9:5 If people do not welcome you [warning to expect opposition], shake the dust off your feet [this action had strong cultural implications; indicated contempt for an area and no further involvement with the people of that area; cf. Lk. 10:10-11; Acts 13:51] when you leave their town, as a testimony against them.”

9:6 So they [six teams of two] set out and went from village to village, preaching the gospel and healing people everywhere.

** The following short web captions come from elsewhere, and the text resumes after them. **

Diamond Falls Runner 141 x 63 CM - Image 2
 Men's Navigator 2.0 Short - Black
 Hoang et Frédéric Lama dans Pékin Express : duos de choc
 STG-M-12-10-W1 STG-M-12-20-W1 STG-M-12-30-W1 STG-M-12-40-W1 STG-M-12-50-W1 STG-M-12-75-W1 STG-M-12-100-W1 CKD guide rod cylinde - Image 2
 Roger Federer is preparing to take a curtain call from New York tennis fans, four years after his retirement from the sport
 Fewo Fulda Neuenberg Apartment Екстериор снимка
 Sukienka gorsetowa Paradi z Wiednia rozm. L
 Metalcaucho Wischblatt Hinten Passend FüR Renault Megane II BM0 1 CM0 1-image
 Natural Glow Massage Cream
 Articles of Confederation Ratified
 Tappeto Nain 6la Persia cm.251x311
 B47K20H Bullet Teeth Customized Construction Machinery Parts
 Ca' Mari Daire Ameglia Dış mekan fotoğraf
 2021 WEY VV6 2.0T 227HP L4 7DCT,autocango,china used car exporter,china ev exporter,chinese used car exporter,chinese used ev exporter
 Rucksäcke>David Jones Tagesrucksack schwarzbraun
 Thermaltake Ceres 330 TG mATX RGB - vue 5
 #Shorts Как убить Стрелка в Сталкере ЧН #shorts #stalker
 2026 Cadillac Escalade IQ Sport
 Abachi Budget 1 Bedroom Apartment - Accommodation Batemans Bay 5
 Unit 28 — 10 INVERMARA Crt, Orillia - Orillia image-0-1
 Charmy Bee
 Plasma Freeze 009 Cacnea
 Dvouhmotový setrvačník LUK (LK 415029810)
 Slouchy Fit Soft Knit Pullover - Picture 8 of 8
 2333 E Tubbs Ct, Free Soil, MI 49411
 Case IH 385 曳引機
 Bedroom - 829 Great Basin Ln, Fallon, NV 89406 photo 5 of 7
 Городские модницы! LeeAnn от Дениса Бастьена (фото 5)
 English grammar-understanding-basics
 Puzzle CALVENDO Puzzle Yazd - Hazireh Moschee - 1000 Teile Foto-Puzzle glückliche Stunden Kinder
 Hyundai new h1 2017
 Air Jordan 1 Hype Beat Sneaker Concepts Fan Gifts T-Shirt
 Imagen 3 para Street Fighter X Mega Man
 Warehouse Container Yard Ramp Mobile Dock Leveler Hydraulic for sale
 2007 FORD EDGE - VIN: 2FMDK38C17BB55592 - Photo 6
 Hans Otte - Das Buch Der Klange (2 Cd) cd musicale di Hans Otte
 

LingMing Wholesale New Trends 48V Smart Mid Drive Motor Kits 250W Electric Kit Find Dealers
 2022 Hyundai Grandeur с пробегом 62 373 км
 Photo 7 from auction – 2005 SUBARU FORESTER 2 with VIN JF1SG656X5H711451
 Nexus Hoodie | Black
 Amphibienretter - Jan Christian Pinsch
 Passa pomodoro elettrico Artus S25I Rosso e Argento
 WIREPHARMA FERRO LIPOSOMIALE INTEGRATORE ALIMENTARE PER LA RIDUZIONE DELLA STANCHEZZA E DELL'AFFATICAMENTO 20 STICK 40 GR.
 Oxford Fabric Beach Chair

9:7 Now Herod [Herod Antipas (a son of Herod the Great); had John the Baptist executed (Lk. 3:19-20; Matt. 14:1-12); Jesus taken to Herod before the Crucifixion (Lk. 23:6-12)] the tetrarch heard about all that was going on. And he was perplexed, because some were saying that John had been raised from the dead,

9:8 others that Elijah [the OT prophet taken to heaven in a whirlwind (2 Kings 2:1-11)] had appeared [some applied the prophecy in Mal. 4:5 applied to Jesus], and still others that one of the prophets [such as Moses, Isaiah, or Jeremiah] of long ago had come back to life.

9:9 But Herod said, “I beheaded John [cf. Matt. 14:1-12; Mk. 6:14-29]. Who, then, is this I hear such things about?” And he tried to see him.

9:10 When the apostles returned, they reported to Jesus what they had done. Then he took them with him and they withdrew by themselves to a town called Bethsaida [Andrew and his brother Simon and Philip were from Bethsaida (Jn. 1:44), a small town located on the northeast shore of the Sea of Galilee; name Bethsaida means “house of fish”],

9:11 but the crowds learned about it and followed [continuous action: kept following] him. He welcomed them and spoke to them about the kingdom of God, and healed those who needed healing.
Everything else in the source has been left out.